_Recorded data_
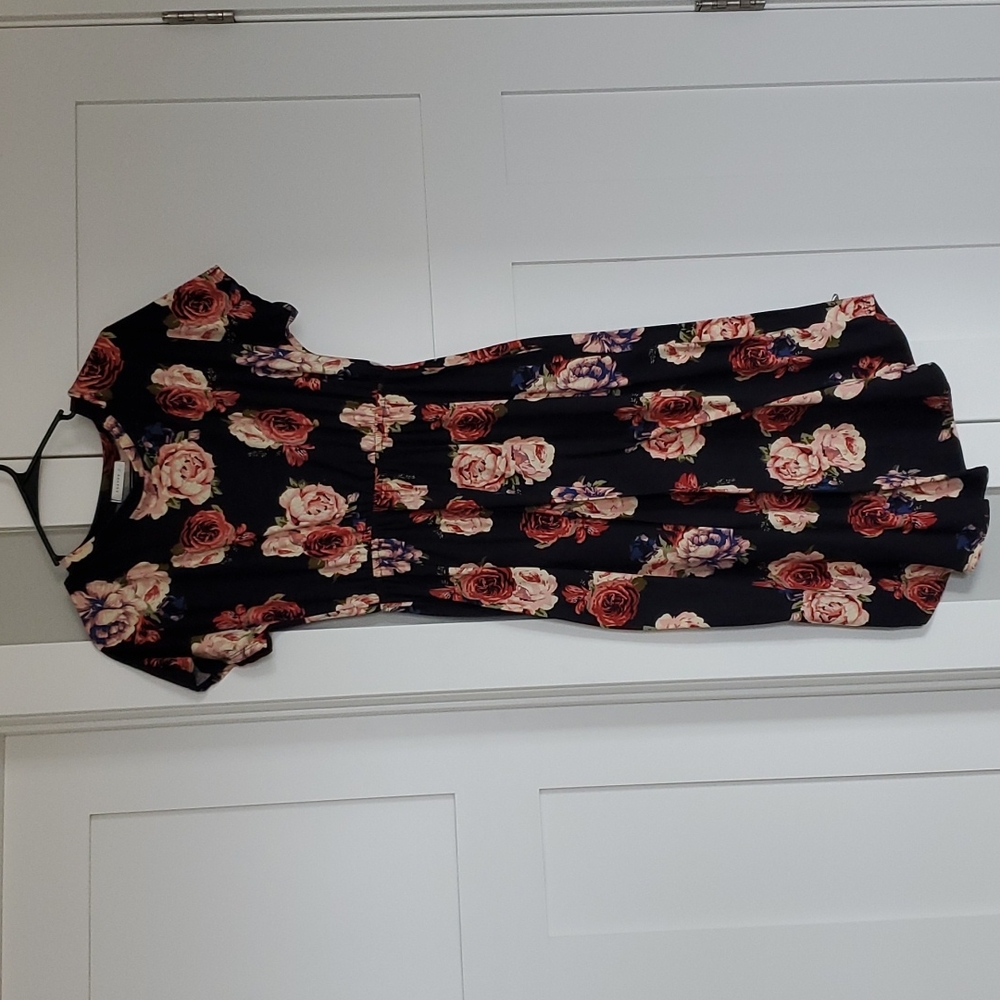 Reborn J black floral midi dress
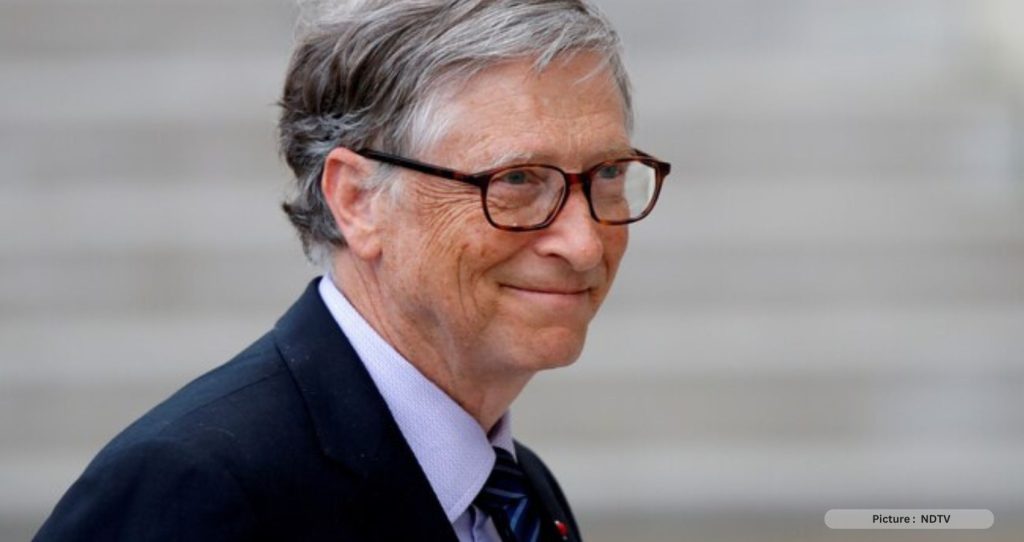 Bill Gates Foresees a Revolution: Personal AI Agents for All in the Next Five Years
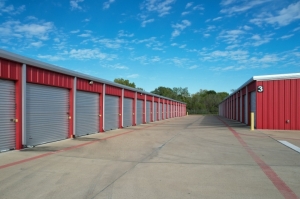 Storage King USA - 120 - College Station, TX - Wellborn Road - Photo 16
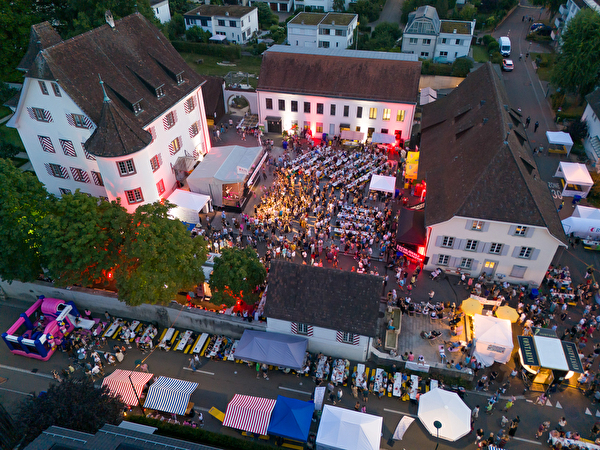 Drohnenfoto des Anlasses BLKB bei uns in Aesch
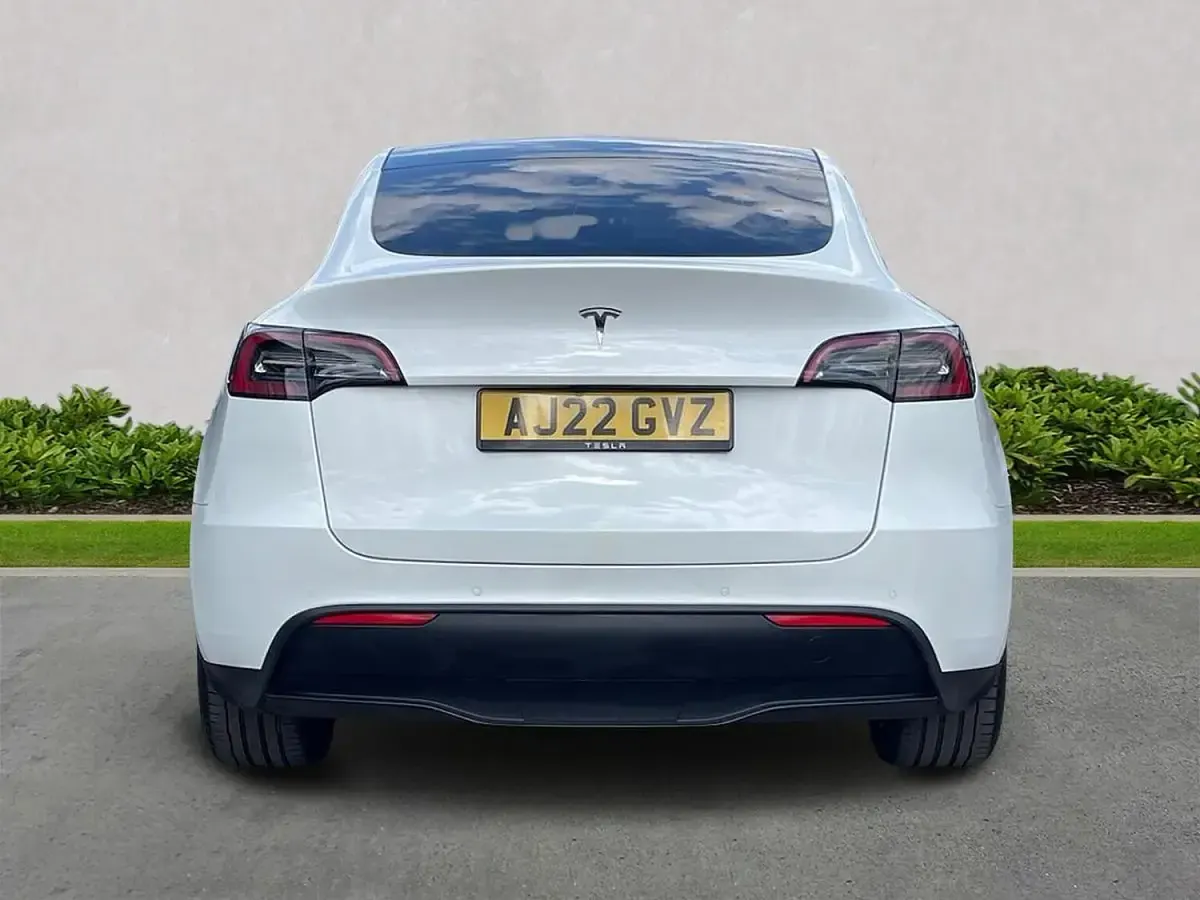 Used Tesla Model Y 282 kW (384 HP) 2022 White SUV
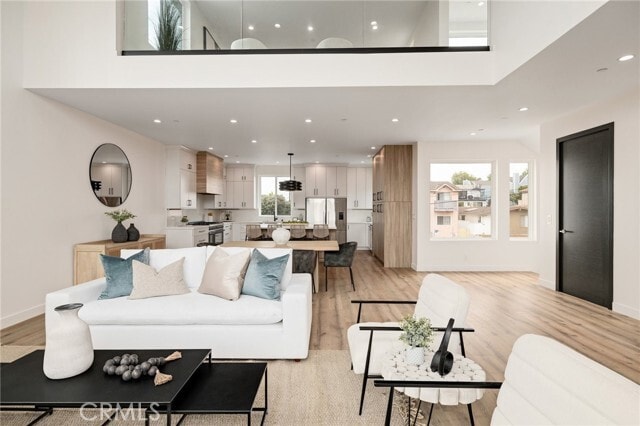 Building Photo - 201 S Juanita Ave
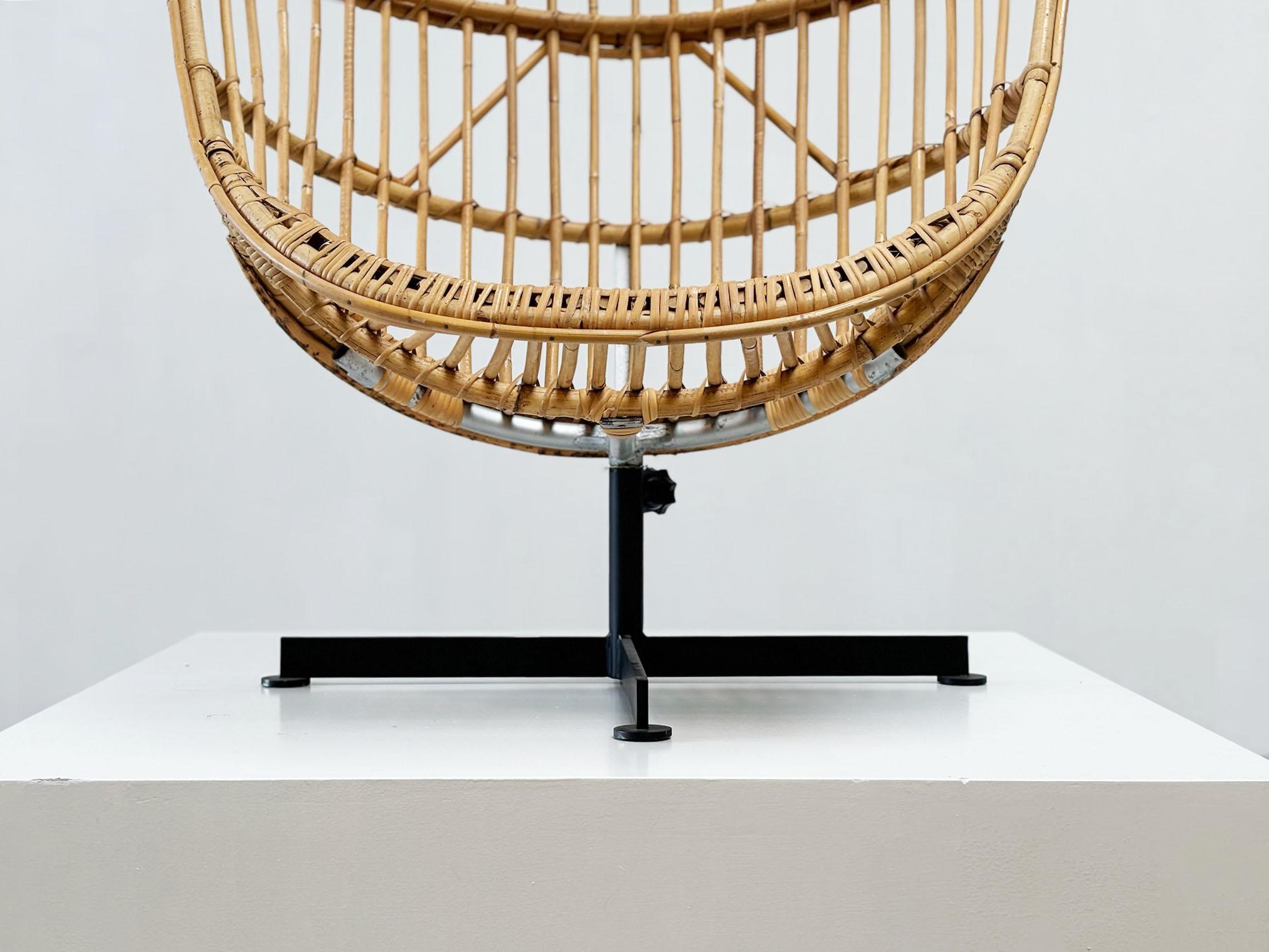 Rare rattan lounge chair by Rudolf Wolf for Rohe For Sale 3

---

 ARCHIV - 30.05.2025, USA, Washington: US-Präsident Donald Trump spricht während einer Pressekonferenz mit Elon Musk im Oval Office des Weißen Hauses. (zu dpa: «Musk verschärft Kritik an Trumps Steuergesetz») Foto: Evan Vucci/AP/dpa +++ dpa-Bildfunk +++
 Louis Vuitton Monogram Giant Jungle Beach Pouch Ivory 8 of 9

_Work request_
The result should be an exact copy of only the lines above from the one that holds "Reborn J black floral midi dress" through the one that holds "Rare rattan lounge", both ends included, without pictures.

_Output below_
 Reborn J black floral midi dress
 Bill Gates Foresees a Revolution: Personal AI Agents for All in the Next Five Years
 Storage King USA - 120 - College Station, TX - Wellborn Road - Photo 16
 Drohnenfoto des Anlasses BLKB bei uns in Aesch
 Used Tesla Model Y 282 kW (384 HP) 2022 White SUV
 Building Photo - 201 S Juanita Ave
 Rare rattan lounge chair by Rudolf Wolf for Rohe For Sale 3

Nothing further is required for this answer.